Last week, there was a lovely conservation with Lynn and Sue Hess on Saddle Mountain Road down at Kohl’s Ranch. The Hess’s are long, longtime residents and have some very interesting insights on the goings-on at Kohl’s and Tontozona clear back to the 50s. Sue related that while she looked after the front desk, Lynn was the ‘tea-totalin’ bartender. We are going to get back to them for some more stories before the Sun Devils return to Tontozona in August.
Back in the day, Lew and Necia Kohls had a place to stay and get a meal and from those humble beginnings built a renowned destination on Tonto Creek, here under Promontory Point. The Mikols had the place in later years and built the A-frame lodge. Sadly, that was about the extent of my knowledge of Kohl’s Ranch.
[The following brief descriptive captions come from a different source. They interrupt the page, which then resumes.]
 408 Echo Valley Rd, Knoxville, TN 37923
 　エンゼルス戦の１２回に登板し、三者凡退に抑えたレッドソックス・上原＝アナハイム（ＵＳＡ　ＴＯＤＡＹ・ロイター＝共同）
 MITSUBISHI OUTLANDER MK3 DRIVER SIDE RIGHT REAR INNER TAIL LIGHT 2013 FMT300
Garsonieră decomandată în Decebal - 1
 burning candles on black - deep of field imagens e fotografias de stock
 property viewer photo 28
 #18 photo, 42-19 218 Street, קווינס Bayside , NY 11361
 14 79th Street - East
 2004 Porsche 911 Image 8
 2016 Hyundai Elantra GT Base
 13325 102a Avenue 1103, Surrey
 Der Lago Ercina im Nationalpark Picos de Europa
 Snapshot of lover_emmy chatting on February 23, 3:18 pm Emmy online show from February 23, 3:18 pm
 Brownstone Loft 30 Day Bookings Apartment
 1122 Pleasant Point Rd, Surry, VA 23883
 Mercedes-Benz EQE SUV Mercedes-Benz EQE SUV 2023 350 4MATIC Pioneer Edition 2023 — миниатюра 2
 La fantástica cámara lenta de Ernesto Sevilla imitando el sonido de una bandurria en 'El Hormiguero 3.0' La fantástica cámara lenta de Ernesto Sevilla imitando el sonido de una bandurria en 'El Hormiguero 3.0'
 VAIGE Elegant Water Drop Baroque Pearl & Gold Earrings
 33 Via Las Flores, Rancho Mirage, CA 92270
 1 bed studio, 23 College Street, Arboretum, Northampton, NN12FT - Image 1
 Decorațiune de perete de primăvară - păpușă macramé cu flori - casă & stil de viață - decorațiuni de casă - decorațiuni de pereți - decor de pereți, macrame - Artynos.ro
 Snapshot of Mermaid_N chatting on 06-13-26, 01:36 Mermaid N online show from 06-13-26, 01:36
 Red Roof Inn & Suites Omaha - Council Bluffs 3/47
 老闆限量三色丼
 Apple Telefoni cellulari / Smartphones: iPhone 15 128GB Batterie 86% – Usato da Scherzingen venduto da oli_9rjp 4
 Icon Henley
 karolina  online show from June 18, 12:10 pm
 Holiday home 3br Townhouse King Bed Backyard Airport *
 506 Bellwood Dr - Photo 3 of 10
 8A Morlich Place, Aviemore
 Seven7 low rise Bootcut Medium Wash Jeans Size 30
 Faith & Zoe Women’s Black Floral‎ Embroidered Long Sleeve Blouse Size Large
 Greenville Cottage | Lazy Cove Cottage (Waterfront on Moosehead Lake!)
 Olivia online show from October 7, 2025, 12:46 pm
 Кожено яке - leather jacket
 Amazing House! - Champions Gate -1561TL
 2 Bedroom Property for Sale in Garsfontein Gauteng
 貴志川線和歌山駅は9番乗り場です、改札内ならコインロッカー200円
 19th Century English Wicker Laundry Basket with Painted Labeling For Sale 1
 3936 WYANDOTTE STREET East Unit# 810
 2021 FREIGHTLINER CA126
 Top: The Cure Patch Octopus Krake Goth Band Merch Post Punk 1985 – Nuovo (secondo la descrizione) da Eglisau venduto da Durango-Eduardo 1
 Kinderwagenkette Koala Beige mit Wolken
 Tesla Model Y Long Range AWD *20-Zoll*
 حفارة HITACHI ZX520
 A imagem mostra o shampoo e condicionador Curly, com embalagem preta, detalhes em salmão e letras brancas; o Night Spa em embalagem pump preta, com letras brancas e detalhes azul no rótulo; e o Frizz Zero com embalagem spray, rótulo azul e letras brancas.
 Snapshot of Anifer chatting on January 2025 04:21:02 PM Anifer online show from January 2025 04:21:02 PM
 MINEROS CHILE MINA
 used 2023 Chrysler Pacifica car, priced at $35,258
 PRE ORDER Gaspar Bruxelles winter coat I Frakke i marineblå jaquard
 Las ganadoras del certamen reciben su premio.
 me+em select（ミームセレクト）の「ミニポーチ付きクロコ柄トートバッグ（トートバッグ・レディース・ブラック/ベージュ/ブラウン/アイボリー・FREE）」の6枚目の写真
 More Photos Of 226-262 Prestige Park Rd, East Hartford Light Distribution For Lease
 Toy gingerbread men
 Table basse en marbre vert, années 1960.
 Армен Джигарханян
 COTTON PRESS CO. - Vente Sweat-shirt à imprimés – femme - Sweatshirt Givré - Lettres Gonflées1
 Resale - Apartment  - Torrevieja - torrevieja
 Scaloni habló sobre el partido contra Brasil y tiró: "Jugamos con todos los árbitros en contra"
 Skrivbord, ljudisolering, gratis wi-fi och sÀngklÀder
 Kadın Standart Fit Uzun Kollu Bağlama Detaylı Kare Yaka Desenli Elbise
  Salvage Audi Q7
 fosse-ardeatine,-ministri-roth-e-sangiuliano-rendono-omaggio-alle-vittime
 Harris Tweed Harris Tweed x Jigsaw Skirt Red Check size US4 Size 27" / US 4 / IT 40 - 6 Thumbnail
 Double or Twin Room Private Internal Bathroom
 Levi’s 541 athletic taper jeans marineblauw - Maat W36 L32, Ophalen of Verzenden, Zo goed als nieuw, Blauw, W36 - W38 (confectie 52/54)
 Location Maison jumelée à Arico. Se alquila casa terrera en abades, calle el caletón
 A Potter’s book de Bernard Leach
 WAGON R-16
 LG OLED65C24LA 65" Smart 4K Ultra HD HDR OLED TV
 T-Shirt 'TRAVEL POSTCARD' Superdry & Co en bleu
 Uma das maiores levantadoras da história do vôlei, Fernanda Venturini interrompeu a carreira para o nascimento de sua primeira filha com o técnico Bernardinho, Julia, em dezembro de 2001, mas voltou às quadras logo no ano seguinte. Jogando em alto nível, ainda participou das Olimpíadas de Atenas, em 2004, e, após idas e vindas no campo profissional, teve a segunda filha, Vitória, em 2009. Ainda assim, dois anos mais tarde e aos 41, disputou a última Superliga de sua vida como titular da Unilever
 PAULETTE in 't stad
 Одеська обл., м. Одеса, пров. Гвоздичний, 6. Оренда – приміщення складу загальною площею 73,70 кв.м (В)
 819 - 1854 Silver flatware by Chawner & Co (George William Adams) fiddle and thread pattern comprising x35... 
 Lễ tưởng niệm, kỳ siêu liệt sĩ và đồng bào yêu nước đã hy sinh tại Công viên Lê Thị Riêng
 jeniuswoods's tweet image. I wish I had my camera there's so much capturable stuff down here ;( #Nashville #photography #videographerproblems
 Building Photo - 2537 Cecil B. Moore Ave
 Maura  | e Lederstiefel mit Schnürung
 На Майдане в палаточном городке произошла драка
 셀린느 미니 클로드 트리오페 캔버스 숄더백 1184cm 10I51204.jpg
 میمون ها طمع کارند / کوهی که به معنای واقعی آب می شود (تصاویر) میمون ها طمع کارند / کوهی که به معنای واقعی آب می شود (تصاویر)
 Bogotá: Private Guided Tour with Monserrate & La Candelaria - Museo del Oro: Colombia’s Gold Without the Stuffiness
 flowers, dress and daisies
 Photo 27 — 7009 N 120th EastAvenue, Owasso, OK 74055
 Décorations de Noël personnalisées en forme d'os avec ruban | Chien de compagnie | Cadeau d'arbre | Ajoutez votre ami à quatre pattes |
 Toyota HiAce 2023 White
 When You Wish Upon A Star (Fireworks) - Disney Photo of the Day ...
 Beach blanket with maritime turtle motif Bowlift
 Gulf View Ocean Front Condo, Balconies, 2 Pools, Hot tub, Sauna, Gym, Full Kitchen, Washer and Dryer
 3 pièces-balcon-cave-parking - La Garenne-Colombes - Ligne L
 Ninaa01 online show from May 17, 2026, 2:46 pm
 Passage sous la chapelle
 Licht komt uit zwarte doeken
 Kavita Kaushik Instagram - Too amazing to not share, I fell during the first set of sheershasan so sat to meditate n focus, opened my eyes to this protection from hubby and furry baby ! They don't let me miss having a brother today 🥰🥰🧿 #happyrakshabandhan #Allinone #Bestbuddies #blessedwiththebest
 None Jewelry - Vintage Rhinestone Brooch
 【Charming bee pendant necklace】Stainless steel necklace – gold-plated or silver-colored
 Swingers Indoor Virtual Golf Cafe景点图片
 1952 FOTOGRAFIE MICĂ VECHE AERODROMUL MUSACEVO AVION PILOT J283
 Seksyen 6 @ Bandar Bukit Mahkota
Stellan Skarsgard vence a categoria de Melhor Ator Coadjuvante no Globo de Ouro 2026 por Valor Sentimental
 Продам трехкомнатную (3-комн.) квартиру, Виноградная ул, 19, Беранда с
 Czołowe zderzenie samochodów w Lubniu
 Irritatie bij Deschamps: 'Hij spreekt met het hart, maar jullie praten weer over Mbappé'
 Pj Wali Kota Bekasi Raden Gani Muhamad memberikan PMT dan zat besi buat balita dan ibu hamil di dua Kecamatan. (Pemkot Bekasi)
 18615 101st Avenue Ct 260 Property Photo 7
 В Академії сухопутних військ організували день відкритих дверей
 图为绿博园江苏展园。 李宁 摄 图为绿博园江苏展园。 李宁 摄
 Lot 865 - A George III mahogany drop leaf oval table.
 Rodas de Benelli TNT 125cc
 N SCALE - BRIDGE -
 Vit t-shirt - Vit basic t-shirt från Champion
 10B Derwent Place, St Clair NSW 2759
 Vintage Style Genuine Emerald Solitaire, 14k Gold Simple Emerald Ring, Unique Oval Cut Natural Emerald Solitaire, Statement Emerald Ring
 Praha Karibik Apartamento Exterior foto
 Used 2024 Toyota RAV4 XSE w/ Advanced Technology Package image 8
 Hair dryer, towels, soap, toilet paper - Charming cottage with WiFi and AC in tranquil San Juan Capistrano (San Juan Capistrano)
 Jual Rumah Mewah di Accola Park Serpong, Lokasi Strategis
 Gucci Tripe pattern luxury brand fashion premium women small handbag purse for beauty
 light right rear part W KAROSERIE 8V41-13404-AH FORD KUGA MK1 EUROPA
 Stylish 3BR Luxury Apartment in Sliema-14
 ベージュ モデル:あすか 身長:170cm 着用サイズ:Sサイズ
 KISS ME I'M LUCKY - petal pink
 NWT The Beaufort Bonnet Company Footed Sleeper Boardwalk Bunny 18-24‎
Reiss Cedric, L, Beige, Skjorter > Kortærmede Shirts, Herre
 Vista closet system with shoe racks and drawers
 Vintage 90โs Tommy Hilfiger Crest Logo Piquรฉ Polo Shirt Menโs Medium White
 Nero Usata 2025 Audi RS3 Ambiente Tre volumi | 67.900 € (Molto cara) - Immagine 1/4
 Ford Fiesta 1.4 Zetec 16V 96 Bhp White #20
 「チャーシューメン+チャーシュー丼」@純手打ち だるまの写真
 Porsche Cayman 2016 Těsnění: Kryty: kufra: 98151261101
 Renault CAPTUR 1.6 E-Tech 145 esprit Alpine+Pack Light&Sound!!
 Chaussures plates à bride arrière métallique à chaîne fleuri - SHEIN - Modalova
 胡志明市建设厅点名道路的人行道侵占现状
We were sitting around the campfire on Christopher Creek, at Marksbury’s, the evening after seeing Lynn and Sue Hess. John was relating how he and Danny Webster would terrorize Mr. Mikols by playing Aker Bilk’s Stranger on the Shore on the jukebox, over, and over, and over – and at a dime a song that could poke a hole in one’s allowance. John grew up at Kohl’s, spending every weekend and vacations just across Short Road beside the present-day kitchen. The cabin his parents built had a bird’s eye view of all that was happening… until Mr. Mikols built the A-frame lodge. We spent some time figuring out what year that was and he thought he was about 16, but wasn’t sure. Well, the very next evening, Mike Bailey, manager down at the C-Canyon RV park, stopped by the Landmark to try his hand at the poker table. Unsolicited, he hands me a copy of The Legend of Kohl’s Ranch, written by Katie Bell, copyright 1985. Inside the cover, Katie had signed “to Clay and Ellie” – Clay Ashby and his wife had the RV park back then. Although not all the Kohl’s locals thought Katie had everything quite right, she listed quite an impressive roll of old-timers from the area as contributors. Her short book is, indeed, a fairly good time-line of owners and how the Cowboy Barn and the Lodge evolved. Now, Sue Hess lamented that not much attention was being paid to the folks down at Kohl’s and, after all, they are a part of Christopher-Kohl’s Fire District. Having had my knowledge base improved immensely this week, it became obvious the time had come. How we doin’ so far, Sue?
And that’s another week in the creek!